Dr Phil Smith’s Wildlife Notes
April 2018

April 2018 really broke the mould. Since the millennium, we have got used to prolonged droughts, with April showers a distant memory. This month, measurable rain fell on 12 days and, although it was mainly colder than average, there was a heatwave from 18th to 21st  with the highest April temperatures (in London) since 1949. Remarkably, the dune water-table actually rose by 4.5cm during the month. The result was the best Natterjack Toad activity for several years. For the first time, these rare amphibians spawned in the youngest section of the Green Beach at Ainsdale. Although usually nocturnal, some amorous male Natterjacks started calling during the afternoon of 9th and I found three pairs as well as ten Smooth Newts, while Skylarks were singing their hearts out overhead and 18 migratory White Wagtails foraged on the shore.

Meanwhile Natterjacks were also active at the flooded Devil’s Hole, laying several spawn strings soon to hatch into tiny tadpoles. I noticed a black beetle, of a kind new to me, struggling in the water and fished it out. Photographs sent to Gary Hedges at World Museum Liverpool identified it as a Snail-eating Beetle Silpha tristis, an insect that is fairly widespread but not at all common.

Gems in the Dunes organised an Open Day on 14th, my contribution being a guided walk to look for dune annuals, tiny plants representing several families that flower in spring and then die down to survive the drought of summer as seeds. Most visitors don’t notice them but we found 15 species in just over an hour, including the Early Forget-me-not looking superb under a magnifying lens. Two colourful Small Tortoishell butterflies freshly out of hibernation were another reminder of the season.

The following day, I joined two-winged fly expert, Phil Brighton, on Birkdale Green Beach. He hoped to find a group of small flies associated with willow catkins and was delighted to collect the very rare Egle brevicornis with only six previous British records. We also heard Natterjacks and a Water Rail giving its “squealy pig” call from the reeds. I noticed several unfamiliar 4mm-long dung-beetles on the bare sand. Again photos provided the answer – the Dune Scarab Aegialia arenaria, a mainly coastal species.

The following week, Ph.D. student, Claire Flynn, drove all the way from Pembrokeshire to check out our Vernal Mining Bees. She is comparing the genetics of long-established colonies in Northwest England and North Wales with recent discoveries in the south and midlands, which are thought to be invaders from the European mainland. I took her onto the Hightown dunes where I had earlier estimated 2000 bees flying on dune ridges near the Sailing Club. Conditions were perfect and these solitary bees, slightly larger and darker than a Honey Bee, were abundant. Claire was also pleased to see her first Northern Dune Tiger Beetle and several Hairy Sand-wasps.

With Patricia Lockwood, I called in at Ashdale Close, Formby, on 25th to see the colony of Moschatel or Town-hall-clock in a small area of woodland, known here since 2010. Moving on to Wicks Lake, we spotted the first Orange Tip butterfly of the spring and re-visited a clump of Summer Snowflake found in 2013. It has grown considerably, showing 12 spectacular flowering spikes. Nearby, the Primroses on a grassy bank were more floriferous than ever, while a large bush of the extremely rare Don’s Willow was covered in beautiful red-tinged catkins.

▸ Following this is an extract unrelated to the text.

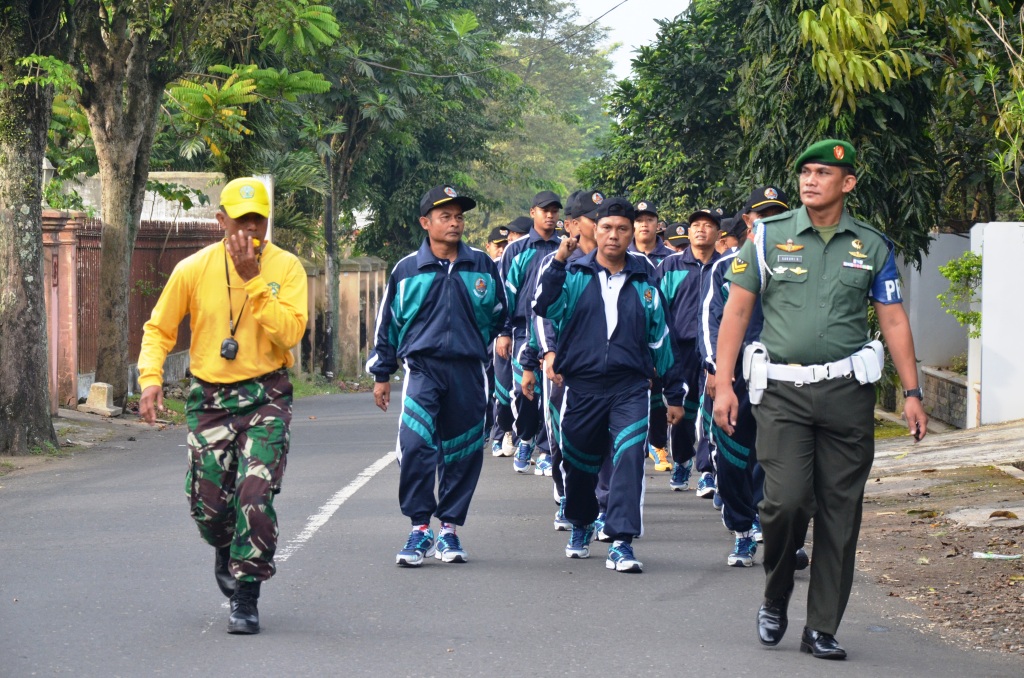 Jalan Sehat Tingkatkan Kesehatan Tubuh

Another botanical highlight was Perfoliate Alexanders in woodland near to Formby Baths. First found by Joshua Styles last year, this strikingly coloured native of Eastern Europe has increased to about 150 plants and is new to the South Lancashire vice-county.  Josh also joined me for a survey of parts of Birkdale Common that were damaged by the tented village erected for the Open Championship last summer. Large areas of bare ground are being colonised by a wide range of annuals, including an abundance of Parsley-piert, Blinks and the uncommon Bird’s-foot. I was also delighted to re-find a patch of a distinctive hybrid between Field Mouse-ear and the closely related Snow-in-Summer,which I first spotted here in 2010.

Although I managed to miss most of the “good” birds reported during the month, including a Hoopoe at Formby Point, I finally caught up with Formby’s first Cetti’s Warbler at Hoggs Hill Lane on 28th. Its incredibly loud, explosive song is one of the most unmistakable sounds in nature. The month ended with a goose extravaganza at Crossens Marsh, where an impressive flock of 3500 Pinkfeet included a Lesser Snow-goose, a Barnacle, two Russian Whitefronts and a Western Bean. Nearby feral Greylags and Canadas meant that seven goose species were visible from the coast road! Two Spoonbills and three Mediterranean gulls from the RSPB hide crowned a successful afternoon.